Antes que a realidade esmague a esperança
Por Edison Rodrigues Filho, autor de O Tocaio.
Mais de vinte anos se passaram e a carreira de escritor de Flávio Moretto, o Tocaio, encontra-se numa encruzilhada, como se um vazio tenebroso enchesse sua mente num bloqueio criativo aparentemente insuperável. É como se sua capacidade de inventar tramas tivesse sido esmagada pela realidade brasileira, que supera qualquer mente prodigiosa de um ficcionista. Apenas citando os escândalos de corrupção, em desvios de valores corrigidos e em ordem crescente, ocorridos desde a derrubada do presidente Fernando Collor – Máfia dos fiscais (R$ 18 milhões), Mensalão (R$ 55 milhões), Sanguessuga (R$ 140 milhões), Sudam (R$ 214 milhões), Operação Navalha (R$ 610 milhões), Anões do Orçamento (R$ 800 milhões), TRT de São Paulo (R$ 923 milhões), Banco Marka (R$ 1,8 bilhão), Vampiros da Saúde (R$ 2,4 bilhões), Banestado (R$ 42 bilhões), isso sem falar em dinheiro apreendido em malas, cuecas e afins, cartões corporativos e pedaladas fiscais – ainda há quem diga ser esse um país pobre. Estes fatos deixam qualquer escritor constrangido em criar histórias sujas e demagógicas.
Tendo vivenciado de perto esses acontecimentos, esperado pela ação da justiça sobre réus confessos, políticos coniventes, seus assessores e comparsas descarados, Tocaio se encontra agora diante do pai de todos os escândalos, o maior desvio deste lúgubre histórico, bilhões de reais (calcula-se mais de 60) da maior empresa brasileira, a Petrobrás, símbolo de um país que sonhava grande ao tomar para si uma de suas maiores riquezas naturais, o petróleo.
Ao se falar abertamente em impeachment de Dilma Roussef, Tocaio se depara de novo com uma situação vivida há pouco mais de duas décadas – os indignados e descontentes na rua, pedindo uma solução imediata, a retirada da presidente pura e simplesmente do cargo. Mas, se no passado e por muito menos, essa iniciativa foi adotada e, nem por isso, surtiu o efeito desejado, teria eficácia novamente esse amargo remédio político? Que novo personagem, ou messias, viria ocupar o centro do poder? Essa é a maior incógnita com que a visão cansada e desiludida de Tocaio se depara em suas tentativas de escrever uma nova história em meio a tantas e enfadonhas repetições.

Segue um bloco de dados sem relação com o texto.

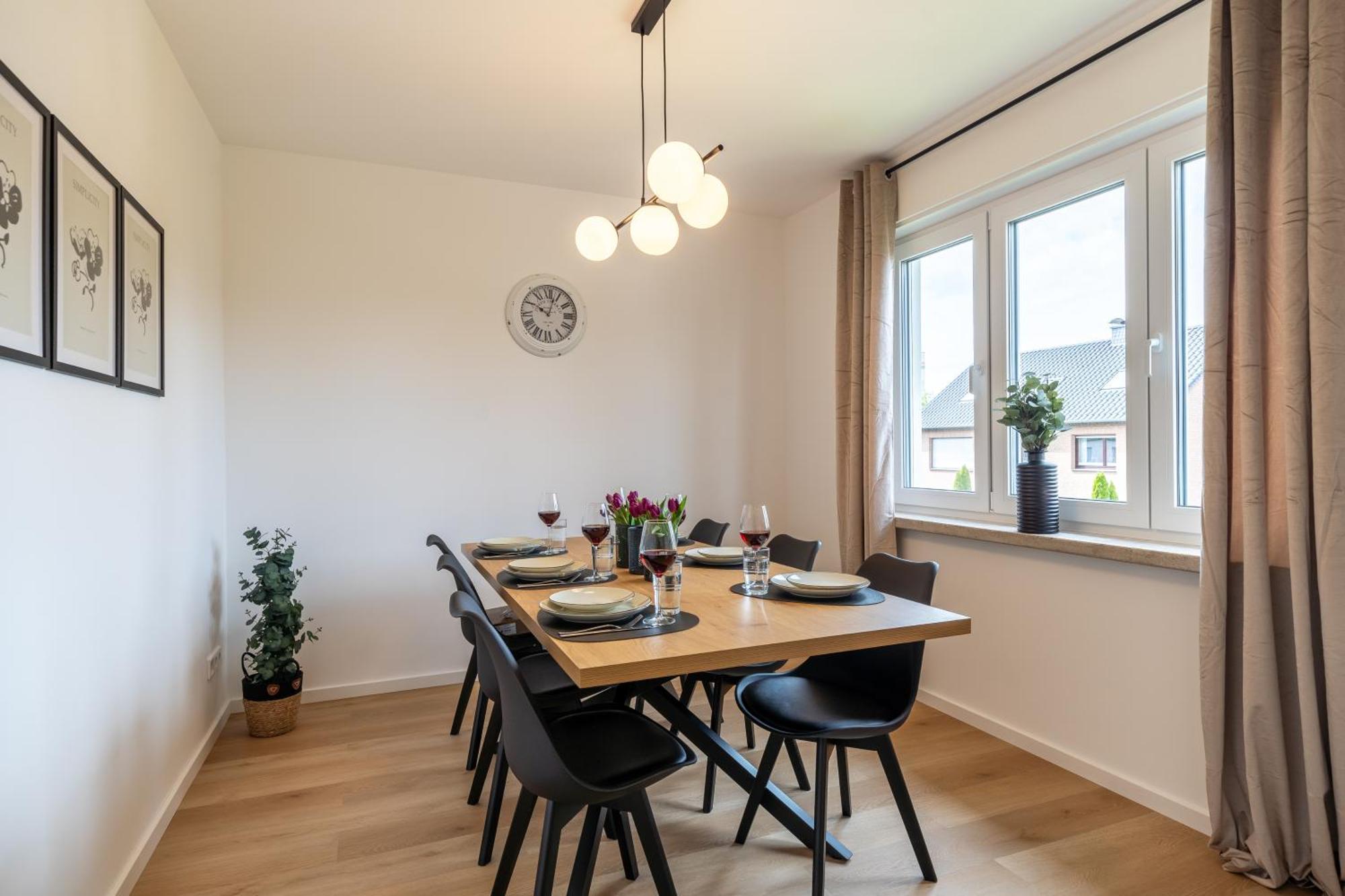Raw-flat Meier - Modern - Stylisch - Balkon - Netflix
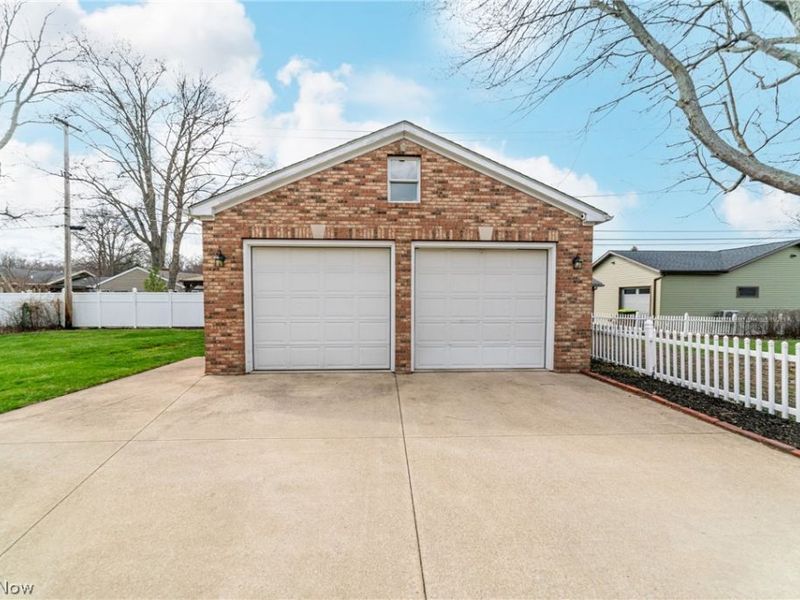 192 Sunset Road, Avon Lake, OH 44012 Photo 30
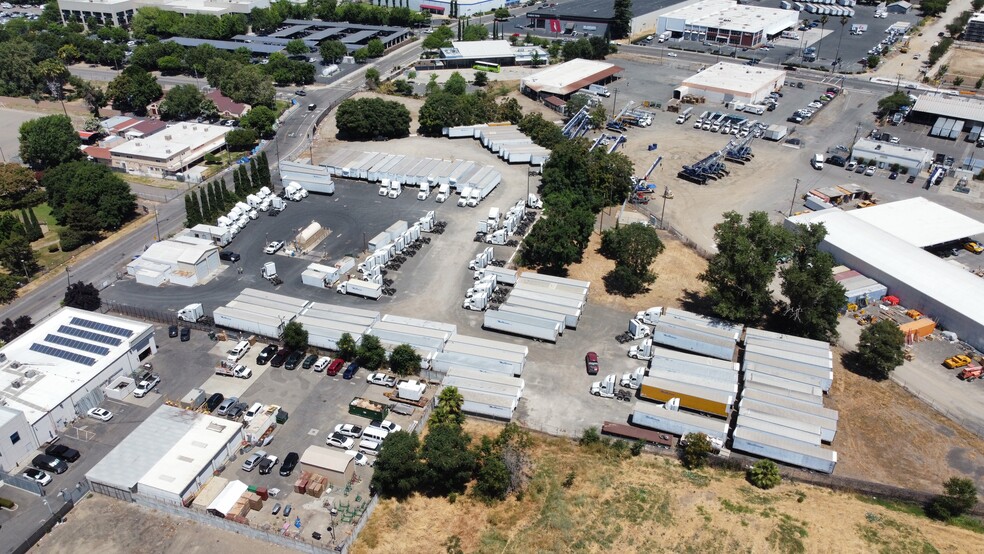 Primary Photo Of 455 Bannon Street, Sacramento Truck Terminal For Lease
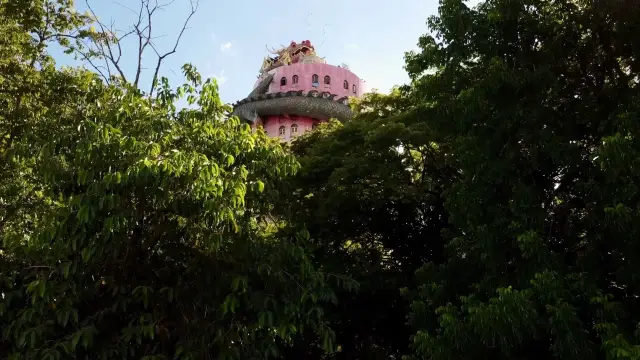 Incredible 80-meters tall dragon temple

Não é que Tocaio tenha perdido a crença num futuro melhor, justo e próspero, ocorre que ele constata tristemente – a crise moral (e nela ele se inclui) só eclode a partir da crise econômica, num pragmatismo raso, rasteiro e insuportável. Presas num ciclo permanente de leniência conveniente, as pessoas fazem vista grossa, vale tudo enquanto têm dinheiro no bolso, facilmente, justificando a falcatrua como um mal menor, a velha máxima do rouba, mas faz. Nesse país em que o importante é levar vantagem na primeira oportunidade que surge, a política é um espelho que reflete a sociedade tal como ela é, e esses valores precisam mudar com urgência, antes que a realidade esmague a esperança.